In trials where pharmacists directly outreached to patients about statin eligibility, a large proportion of patients declined [
14,
18,
19]. Reported reasons for patients declining included that they were not aware of the benefits or felt they did not need the statin [
14]. This finding suggests that pharmacists who outreach to patients will need to be able to adequately describe the benefits and risks of statin therapy. A 2019 systematic review of interventions to increase statin prescribing in primary prevention populations found that interventions aimed at educating patients were more successful at increasing statin-prescription rates compared to physician education and decision-support interventions [
21]. Several organizations provide patient-friendly material on statin treatment which may be useful in describing the real vs. perceived benefits and adverse effects [
22,
23,
24].
Lastly, once statins have been prescribed there exists additional roles for pharmacists to ensure patients continue to take them. In addition to the SUPD and SPC measure, several agencies also evaluate the portion of days covered (PDC) statin measure as well. Pharmacists have demonstrated significant abilities to improve adherence to statin therapy through a variety of methods [
25]. A randomized cluster trial evaluated the effect of a multicomponent, individualized behavioral intervention delivered remotely by pharmacists on medication adherence versus no intervention in patients prescribed chronic medication for hypertension, DM, or dyslipidemia within a large medical group [
26]. Over a 12-month period, medication adherence was 4.7% higher in the intervention group compared to control, despite no significant improvement in disease control in 1 or more conditions but was associated with a 38% reduction in emergency department visits. As such, pharmacist interventions to increase statin prescribing should be tied to individualized interventions to maintain statin adherence for optimal patient outcomes.
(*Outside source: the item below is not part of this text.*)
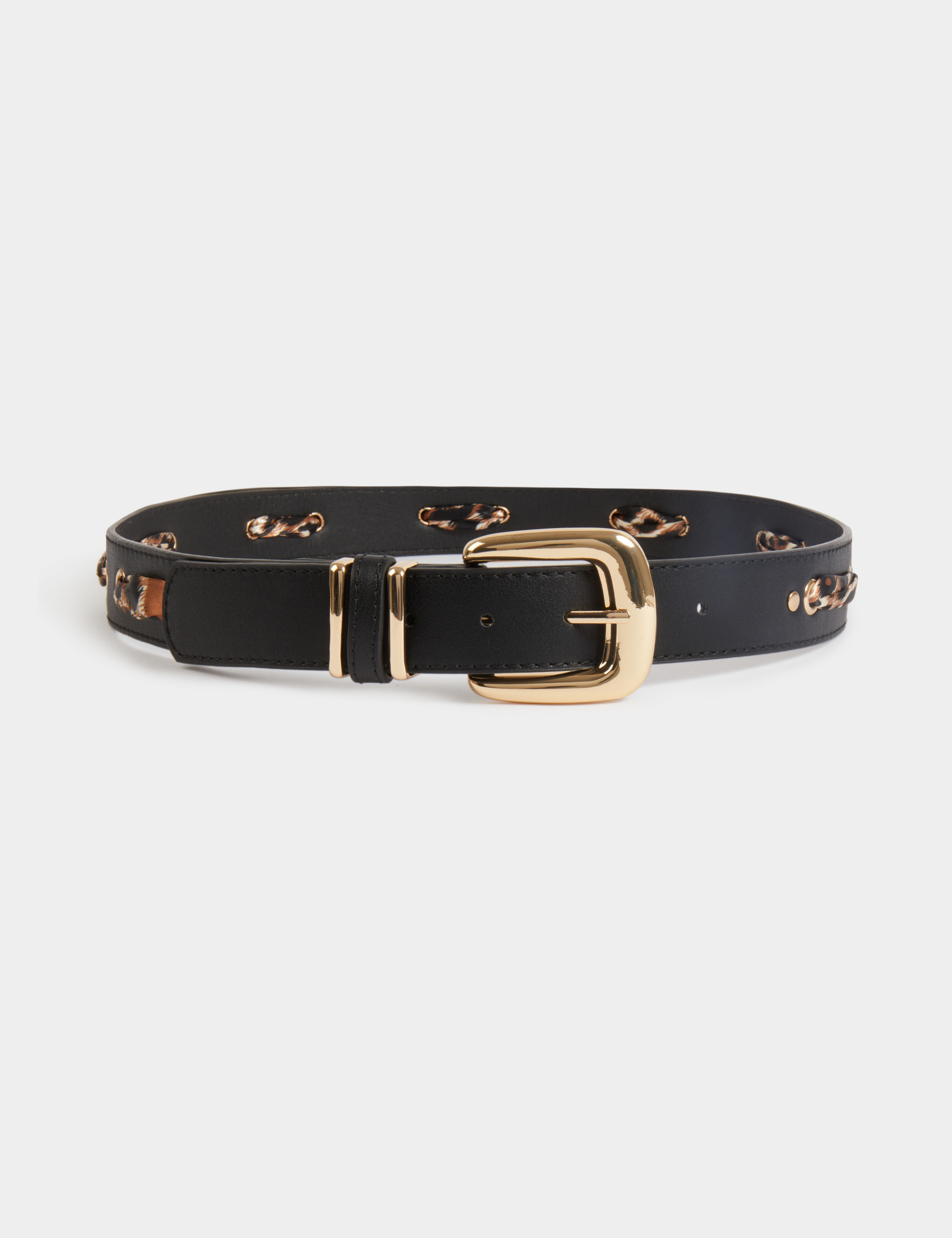 brede riem van imitatieleer zwart vrouw Brede riem van imitatieleer zwart vrouw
Limitations of our review include potential selection bias as authors were responsible for selecting included articles for this narrative review, potentially excluding other relevant work. Additionally, compared to systematic reviews narrative reviews typically do not assess the quality of included studies [
27]. While it may be possible that other relevant articles were overlooked, we believe our literature search and selection process are sufficient to provide a broad overview on the topic pharmacist interventions to improve statin use, as is the intent of narrative reviews [
27]. Secondly, all but one article assessed a primary prevention population with diabetes aged 40–75 years, thus generalizability to other statin benefit groups may not be applicable. Despite current cholesterol guidelines recommending statin therapy for patients aged 40–75 years with DM [
28], some patients are not prescribed statin therapy for primary prevention as they or their prescriber believe their cholesterol values to be controlled [
15,
17,
19]. Given that elevated cholesterol is associated with increased ASCVD risk, it is not the only factor to consider when determining whether a patient with DM should receive statin therapy for primary prevention. A recent meta-analysis assessed the risk of ASCVD events among patients with DM, but without cardiovascular disease, and LDL-C values of 100 to 159 mg/dL [
29]. From the eleven trials included, statin therapy was associated with a lower risk of composite cardiovascular events (RR = 0.71; 95% CI, 0.62–0.82) as well as coronary revascularizations and cardiovascular hospitalizations [
29]. This adds to growing data suggesting statins are effective in reducing ASCVD events in primary prevention patients with mildly elevated LDL-C.